Charles Manson elicits no introduction from me in this writing. However, it is not because I don’t believe he deserves one, but only because he seems to be a familiarly dark staple in American pop-culture. Manson has somehow managed to weasel himself into the pantheon of cultural icons the likes of Elvis Presley, The Beatles, or Marilyn Monroe. It’s strange that a person so reviled, holds such a mesmerizing grip on the American consciousness.
Hence, Manson gets no elaborate introduction (although, I inadvertently gave him a brief one just now), but if an introduction and history is what you seek then you can simply sit down and take a gander at House of Manson which more than covers Manson’s life and machinations. Written and directed by Brandon Slagle, the director of Dead Sea. Slagle takes an interested look at Charles Manson (played by Ryan Kiser), focusing on the person and his ideological tendencies taking us on a journey through the swinging 60s all the way through the death of the Peace and Love Era, with the Tate-LaBianca murders.

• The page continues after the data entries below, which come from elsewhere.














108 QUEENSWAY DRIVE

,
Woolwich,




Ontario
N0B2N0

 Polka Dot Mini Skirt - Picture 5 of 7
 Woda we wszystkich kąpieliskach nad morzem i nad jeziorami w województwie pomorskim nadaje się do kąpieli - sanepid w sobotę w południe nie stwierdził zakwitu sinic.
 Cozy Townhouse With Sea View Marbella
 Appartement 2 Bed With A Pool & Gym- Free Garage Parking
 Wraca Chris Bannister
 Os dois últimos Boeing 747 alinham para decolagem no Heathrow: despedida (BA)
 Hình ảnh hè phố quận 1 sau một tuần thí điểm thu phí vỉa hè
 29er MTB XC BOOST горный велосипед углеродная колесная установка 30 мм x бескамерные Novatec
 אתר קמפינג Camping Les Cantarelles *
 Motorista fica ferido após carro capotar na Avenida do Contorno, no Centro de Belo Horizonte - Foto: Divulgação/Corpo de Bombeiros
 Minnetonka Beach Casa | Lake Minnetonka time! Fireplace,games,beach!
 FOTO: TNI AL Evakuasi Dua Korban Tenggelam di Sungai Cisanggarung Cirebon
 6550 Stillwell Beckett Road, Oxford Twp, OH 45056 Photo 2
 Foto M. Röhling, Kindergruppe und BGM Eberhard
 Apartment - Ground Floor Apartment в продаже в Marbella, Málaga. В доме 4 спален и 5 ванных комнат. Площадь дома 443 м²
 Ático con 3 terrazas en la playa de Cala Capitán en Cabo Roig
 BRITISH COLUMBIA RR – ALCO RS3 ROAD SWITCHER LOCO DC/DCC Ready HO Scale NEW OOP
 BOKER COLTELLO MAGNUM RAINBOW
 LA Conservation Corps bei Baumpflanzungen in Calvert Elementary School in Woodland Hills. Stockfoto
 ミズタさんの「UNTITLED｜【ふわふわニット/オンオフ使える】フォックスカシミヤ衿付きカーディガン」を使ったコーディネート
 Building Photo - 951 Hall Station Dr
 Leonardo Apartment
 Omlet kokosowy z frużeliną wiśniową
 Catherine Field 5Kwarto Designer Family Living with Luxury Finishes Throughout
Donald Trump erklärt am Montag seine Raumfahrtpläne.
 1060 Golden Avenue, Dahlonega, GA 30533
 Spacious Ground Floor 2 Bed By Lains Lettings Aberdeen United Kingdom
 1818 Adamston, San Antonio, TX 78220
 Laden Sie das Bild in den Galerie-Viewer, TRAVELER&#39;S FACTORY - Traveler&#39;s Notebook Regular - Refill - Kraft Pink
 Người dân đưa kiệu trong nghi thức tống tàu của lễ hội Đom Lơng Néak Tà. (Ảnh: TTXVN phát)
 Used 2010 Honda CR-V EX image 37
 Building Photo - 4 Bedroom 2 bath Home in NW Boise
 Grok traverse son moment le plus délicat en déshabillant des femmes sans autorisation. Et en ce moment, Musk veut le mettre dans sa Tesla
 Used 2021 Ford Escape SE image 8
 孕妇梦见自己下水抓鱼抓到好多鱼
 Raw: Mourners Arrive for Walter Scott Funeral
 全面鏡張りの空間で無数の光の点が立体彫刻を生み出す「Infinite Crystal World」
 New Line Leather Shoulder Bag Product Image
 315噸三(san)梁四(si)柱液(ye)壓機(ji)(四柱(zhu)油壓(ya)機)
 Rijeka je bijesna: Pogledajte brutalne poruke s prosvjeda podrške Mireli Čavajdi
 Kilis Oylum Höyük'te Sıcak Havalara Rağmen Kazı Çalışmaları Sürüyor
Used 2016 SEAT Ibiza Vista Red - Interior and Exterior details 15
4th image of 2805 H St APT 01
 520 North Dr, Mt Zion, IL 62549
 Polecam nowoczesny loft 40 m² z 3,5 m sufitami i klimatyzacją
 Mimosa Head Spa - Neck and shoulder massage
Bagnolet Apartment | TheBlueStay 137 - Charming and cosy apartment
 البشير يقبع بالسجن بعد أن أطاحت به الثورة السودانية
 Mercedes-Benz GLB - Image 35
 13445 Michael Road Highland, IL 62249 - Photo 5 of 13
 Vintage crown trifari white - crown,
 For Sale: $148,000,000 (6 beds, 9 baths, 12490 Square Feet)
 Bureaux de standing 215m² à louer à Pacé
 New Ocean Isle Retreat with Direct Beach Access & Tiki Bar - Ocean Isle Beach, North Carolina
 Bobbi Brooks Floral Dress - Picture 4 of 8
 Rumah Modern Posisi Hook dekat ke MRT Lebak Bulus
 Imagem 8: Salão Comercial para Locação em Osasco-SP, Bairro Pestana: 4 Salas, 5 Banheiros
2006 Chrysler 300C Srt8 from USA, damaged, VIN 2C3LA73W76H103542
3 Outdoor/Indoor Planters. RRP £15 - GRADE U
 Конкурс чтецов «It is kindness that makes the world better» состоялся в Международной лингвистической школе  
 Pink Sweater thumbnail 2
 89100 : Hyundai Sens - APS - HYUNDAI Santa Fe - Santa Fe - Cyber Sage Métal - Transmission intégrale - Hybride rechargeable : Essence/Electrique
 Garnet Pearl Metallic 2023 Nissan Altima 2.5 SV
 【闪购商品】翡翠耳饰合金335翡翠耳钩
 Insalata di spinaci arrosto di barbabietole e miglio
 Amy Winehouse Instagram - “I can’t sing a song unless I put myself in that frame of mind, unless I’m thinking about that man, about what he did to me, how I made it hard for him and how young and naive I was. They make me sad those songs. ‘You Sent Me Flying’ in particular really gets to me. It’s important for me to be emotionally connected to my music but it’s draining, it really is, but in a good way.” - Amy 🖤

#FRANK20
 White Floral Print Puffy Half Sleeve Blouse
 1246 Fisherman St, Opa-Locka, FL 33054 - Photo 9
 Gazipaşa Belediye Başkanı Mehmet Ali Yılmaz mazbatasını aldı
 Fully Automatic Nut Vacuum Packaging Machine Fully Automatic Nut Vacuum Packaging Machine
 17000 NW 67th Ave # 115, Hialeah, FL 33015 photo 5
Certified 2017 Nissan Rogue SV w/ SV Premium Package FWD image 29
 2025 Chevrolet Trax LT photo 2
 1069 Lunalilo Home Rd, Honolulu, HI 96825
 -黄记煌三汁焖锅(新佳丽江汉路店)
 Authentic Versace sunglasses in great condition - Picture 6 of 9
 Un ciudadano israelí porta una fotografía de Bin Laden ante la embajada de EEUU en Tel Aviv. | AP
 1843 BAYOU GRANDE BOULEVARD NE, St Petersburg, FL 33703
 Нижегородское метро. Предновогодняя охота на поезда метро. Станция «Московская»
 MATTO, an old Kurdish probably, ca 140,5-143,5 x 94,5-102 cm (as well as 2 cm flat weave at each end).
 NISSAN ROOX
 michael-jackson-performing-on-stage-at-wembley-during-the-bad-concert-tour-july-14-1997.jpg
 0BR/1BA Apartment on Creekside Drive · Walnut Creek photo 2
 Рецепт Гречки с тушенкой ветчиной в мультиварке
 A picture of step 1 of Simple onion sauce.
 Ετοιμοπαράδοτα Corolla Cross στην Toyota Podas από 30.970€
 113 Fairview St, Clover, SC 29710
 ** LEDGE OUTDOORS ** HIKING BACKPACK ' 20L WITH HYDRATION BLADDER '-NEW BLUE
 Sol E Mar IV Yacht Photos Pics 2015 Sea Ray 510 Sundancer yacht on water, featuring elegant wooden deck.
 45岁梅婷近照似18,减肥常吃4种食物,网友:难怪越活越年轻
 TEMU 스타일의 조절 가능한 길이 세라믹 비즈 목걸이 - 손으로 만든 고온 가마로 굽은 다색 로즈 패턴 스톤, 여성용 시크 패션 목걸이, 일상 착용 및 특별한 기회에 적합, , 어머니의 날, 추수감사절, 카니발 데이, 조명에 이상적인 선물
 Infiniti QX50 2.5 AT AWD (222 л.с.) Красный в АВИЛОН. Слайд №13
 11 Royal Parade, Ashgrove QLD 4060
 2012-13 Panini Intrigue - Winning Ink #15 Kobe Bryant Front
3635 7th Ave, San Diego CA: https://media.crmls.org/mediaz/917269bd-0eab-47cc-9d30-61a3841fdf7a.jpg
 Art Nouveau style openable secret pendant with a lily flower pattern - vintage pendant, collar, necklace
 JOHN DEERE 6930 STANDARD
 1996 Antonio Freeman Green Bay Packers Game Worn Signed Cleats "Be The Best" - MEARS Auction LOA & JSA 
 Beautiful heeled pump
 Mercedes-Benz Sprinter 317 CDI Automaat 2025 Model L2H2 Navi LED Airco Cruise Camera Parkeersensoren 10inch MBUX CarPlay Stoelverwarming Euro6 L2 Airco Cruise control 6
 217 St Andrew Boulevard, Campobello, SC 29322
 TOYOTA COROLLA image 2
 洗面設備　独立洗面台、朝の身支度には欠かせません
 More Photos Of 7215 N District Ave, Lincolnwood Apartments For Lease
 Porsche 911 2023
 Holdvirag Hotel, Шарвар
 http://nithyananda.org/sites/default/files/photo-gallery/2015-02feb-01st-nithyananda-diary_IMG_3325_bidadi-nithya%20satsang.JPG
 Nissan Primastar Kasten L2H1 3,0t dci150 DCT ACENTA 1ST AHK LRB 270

The film focuses on the life of Charles Manson, recalling his past as a troubled child, one who would end caught up in a perpetual quagmire within the law. As a “prophet” to the outcasts and hippies of the 60s, and his subsequent followers in the Manson Family, Manson seems to find the home and family that he has been searching for as the leader of the cult. We get a glimpse at not just Manson’s life, but his ideology as well, most famously, “Helter Skelter” his so-called inevitable race war that was supposed to germinate from the Tate-LaBianca murders, illustrating Manson’s influence.
Instead of focusing on the horrendous crimes, Slagle directs his focus to the person in this sprawling and epic bio-pic. Slagle peels the layers of a seemingly normal man and his deranged ideology, revealing the complications of a troubled mind. The film seeks for a quasi-psychoanalysis of the figure, placing clues from his life as possible reasons for Manson’s behavior and thought. The film allows a window into the life of Manson– a panoramic view of the man’s life– connecting the dots and allowing the viewer to decide where it all went wrong for him.
House of Manson, is an interesting foray into one of America’s most notorious criminals and fans of the subject will undoubtedly be pleased. Despite our prior knowledge of the infamous murders, the killings manage to be unnerving and visceral, and Slagle depicts them with unrelenting accuracy and ferocity. The film’s climax exposes the power of influence and the horrendous indifference and brutality in the crimes that shocked the world.